Data provided section start

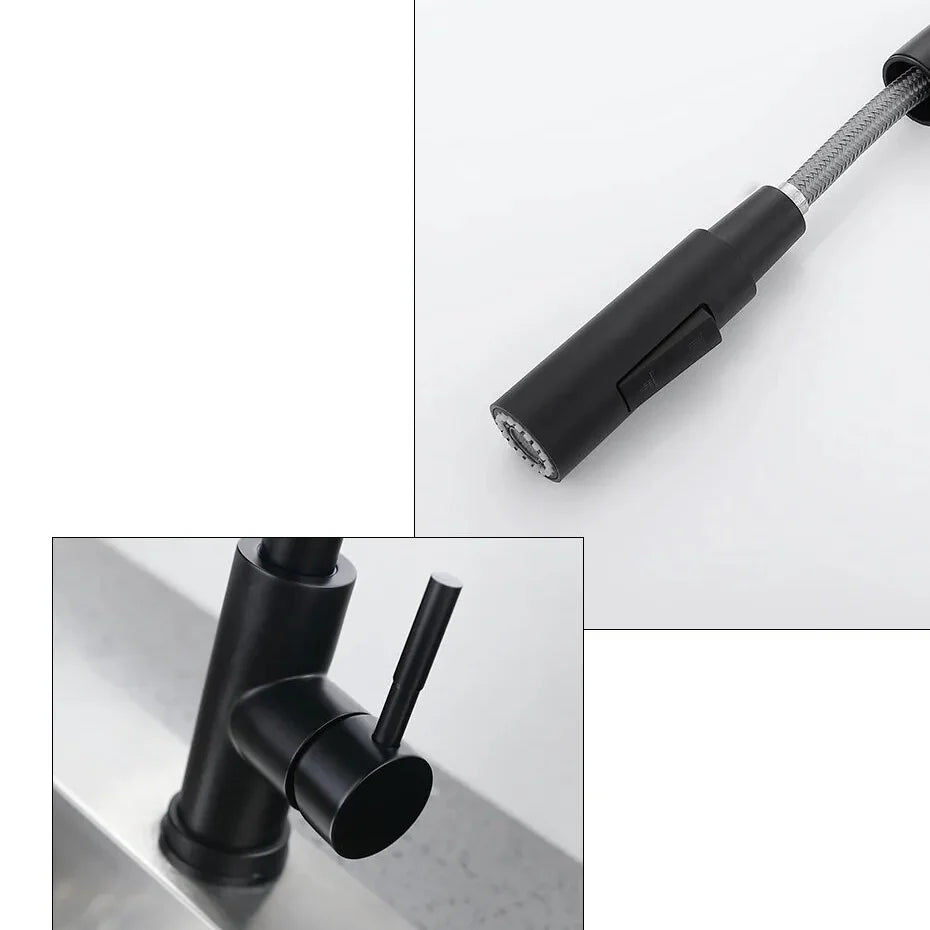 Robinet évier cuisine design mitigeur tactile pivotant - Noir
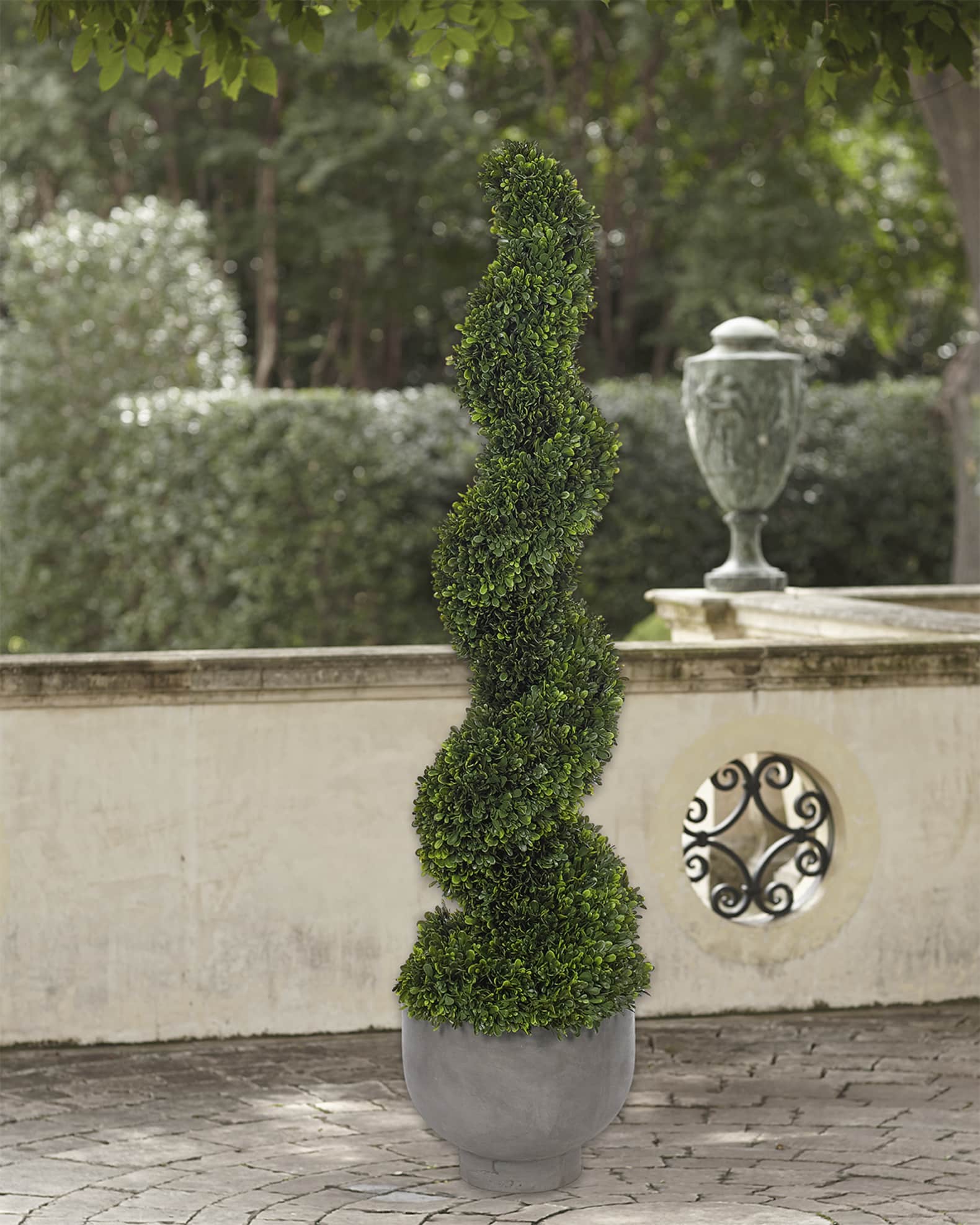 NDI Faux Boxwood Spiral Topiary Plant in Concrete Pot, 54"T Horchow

Data provided section end
Data provided section start

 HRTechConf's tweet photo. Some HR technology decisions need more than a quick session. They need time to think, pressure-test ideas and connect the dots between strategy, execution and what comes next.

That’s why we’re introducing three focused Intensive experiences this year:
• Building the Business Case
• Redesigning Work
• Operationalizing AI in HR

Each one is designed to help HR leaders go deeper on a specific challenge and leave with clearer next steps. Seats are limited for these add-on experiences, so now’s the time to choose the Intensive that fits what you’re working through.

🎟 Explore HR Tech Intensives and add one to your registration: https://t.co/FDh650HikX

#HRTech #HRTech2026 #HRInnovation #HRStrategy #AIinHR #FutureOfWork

Data provided section end

Requirement> Only the lines above starting with the one with "your registration: https://t.co/FDh650HikX" and going through the one with "#HRTech #HRTech2026 #HRInnovation" are to be copied, word for word and with both ends kept.

Task result>
🎟 Explore HR Tech Intensives and add one to your registration: https://t.co/FDh650HikX

#HRTech #HRTech2026 #HRInnovation #HRStrategy #AIinHR #FutureOfWork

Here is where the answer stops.